This post by Kevin Brockmeier is part of The 75th Project, a series of essays by graduates of the Iowa Writers’ Workshop, which is celebrating its 75th anniversary this year. We are printing it on Saturday, the day on which we often publish letters to the editors, in part because it seems to speak to a piece we ran a while back by Mark McGurl, “The MFA Octopus: Four Questions About Creative Writing.”
Too Much Magic © Rawaan Alkhatib
A Chronological List of Statements People Made to Me
at the Iowa Writers’ Workshop, 1995-1997
~ For me it’s the opposite. You feel like a little kid, I feel like an old woman.
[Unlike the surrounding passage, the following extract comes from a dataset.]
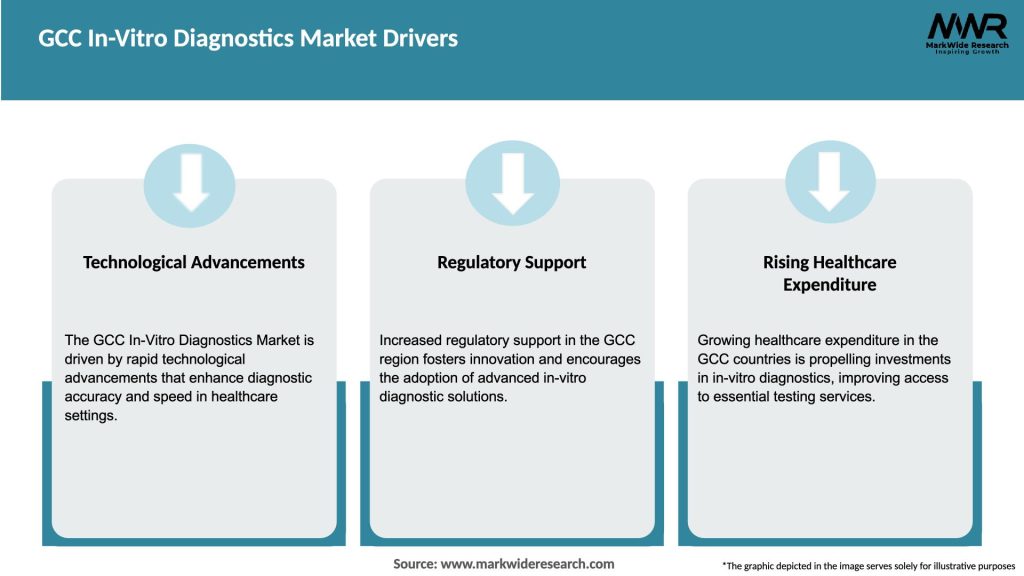 GCC In-Vitro Diagnostics Market Drivers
~ I really like your last paragraph. Why don’t you take that idea and use it to write a story?
~ “Half of Rumpelstiltskin”’s kind of a mouthful, isn’t it? Maybe after you introduce him, you can just call him “Rumpelstiltskin.”
~ To me you look like a person who can’t get enough Heidegger.
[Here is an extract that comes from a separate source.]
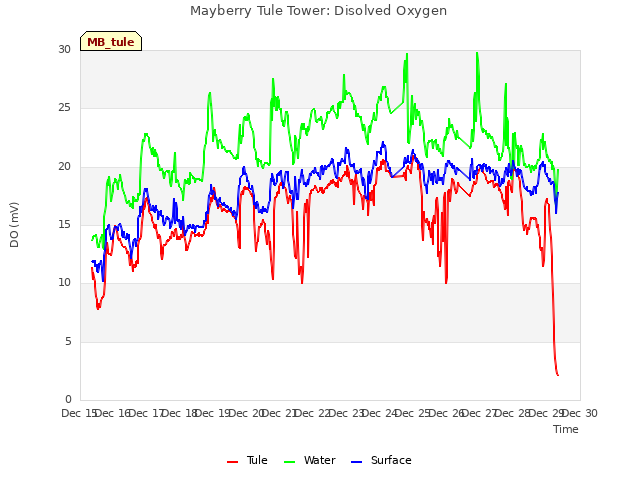 plot of Mayberry Tule Tower: Disolved Oxygen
~ I’ll say this much — you know how to eff the ineffable.
~ The question is whether or not we’re dealing with an unreliable narrator here, and [turning to look me in the eyes] that is important.
~ So you’ve got one middle letter or two middle letters, and they can both be palindromes: “Bob” on the one hand, “boob” on the other, is what you’re saying. Oh, that’s perfect. That’s what you should name your characters: “Bob and Boob.”
~ Yes, yes, yes. It’s called Zeno’s Paradox. I was bored by it in Philosophy 101, and I’m bored by it now.
~ [Note on the last page of a story, underlined, with a sorcerer’s hat drawn on top]: Too much magic!
~ You’re a talented guy, but you’re not going to land something like this with Bill Buford. What you need to do is write a story that’s still you, but not so much you.